Gut zwei Jahre dauert seine Ausbildung. Sie beinhaltet einen sechsmonatigen Grundlehrgang in Bremerhaven und Dienst in der Feuerwache. Ein Bestandteil hat bei Stephan Tamke besonders Eindruck hinterlassen: Die Ausbildung zum Rettungssanitäter – inklusive Dienst im Rettungswagen, in der Notaufnahme und bei Operationen. „Ich war zum Beispiel bei einer Amputation dabei“, berichtet der 31-Jährige. „Das war krass, gleichzeitig interessant. Es ist gut, dass ich so etwas mal gesehen habe. Ich weiß nicht, wie ich sonst im Einsatz auf solche Verletzungen reagieren würde.“

Berufsfeuerwehrleute sind nicht nur gefordert, wenn es brennt oder einen Unfall gibt. Zu ihren Aufgaben gehören unter anderem Tierrettung; Amtshilfe für die Polizei und der Bauhof; die Kontrolle von Brandschutztüren, Feuerlöschern und Hydranten sowie die Instandhaltung der Feuerwehrfahrzeuge.

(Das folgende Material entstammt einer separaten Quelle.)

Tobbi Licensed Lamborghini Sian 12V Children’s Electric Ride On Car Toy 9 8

Sein neuer Job hat ihn auch privat beeinflusst. „Ich bin vorsichtiger geworden und rate meinen Freunden und der Familie dazu, langsamer zu fahren, umsichtiger zu sein.“ Wenn er und seine Kameraden jedoch zum Einsatz gerufen werden, ist keine Zeit für Sorgen oder gar Angst. „Man ist konzentriert und arbeitet das ab, was man gelernt hat.“ Teamarbeit sei dabei das oberste Gebot. „Beim Einsatz muss man sich blind verstehen, es spielt keine Rolle, ob hauptberufliche oder ehrenamtliche Feuerwehrleute vor Ort sind. Die Arbeit geht Hand in Hand.“

Das bestätigt auch sein Chef Matthias Treuthardt. „Ich bin dankbar für jeden Ehrenamtler, ohne sie könnten wir den Brandschutz in der Form nicht absichern“, betont der Sachgebietsleiter für Brand- und Katastrophenschutz der Stadt Wernigerode.

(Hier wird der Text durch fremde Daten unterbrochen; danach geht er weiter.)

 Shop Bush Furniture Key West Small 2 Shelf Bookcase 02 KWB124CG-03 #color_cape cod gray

Warum gibt es dann aber die hauptberufliche Feuerwache? „Es werden immer weniger Freiwillige. Gerade tagsüber ist es schwer, nur mit Ehrenamtlern in so kurzer Zeit zum Brandort zu kommen – viele arbeiten außerhalb der Stadt. Außerdem übernehmen wir mehr Aufgaben, als ‚nur‘ Brände zu löschen.“ Zudem ist Wernigerode eine Fachwerkstadt mit enger Bebauung, es gibt ein großes Krankenhaus und viel Industrie – da sei jede Sekunde, die es dauert, zum Einsatzort zu kommen, entscheidend. Deshalb ist die Wache in Wernigerode werktags dauerhaft besetzt. Die Kameraden arbeiten in zwei Schichten, 24 Stunden pro Arbeitstag.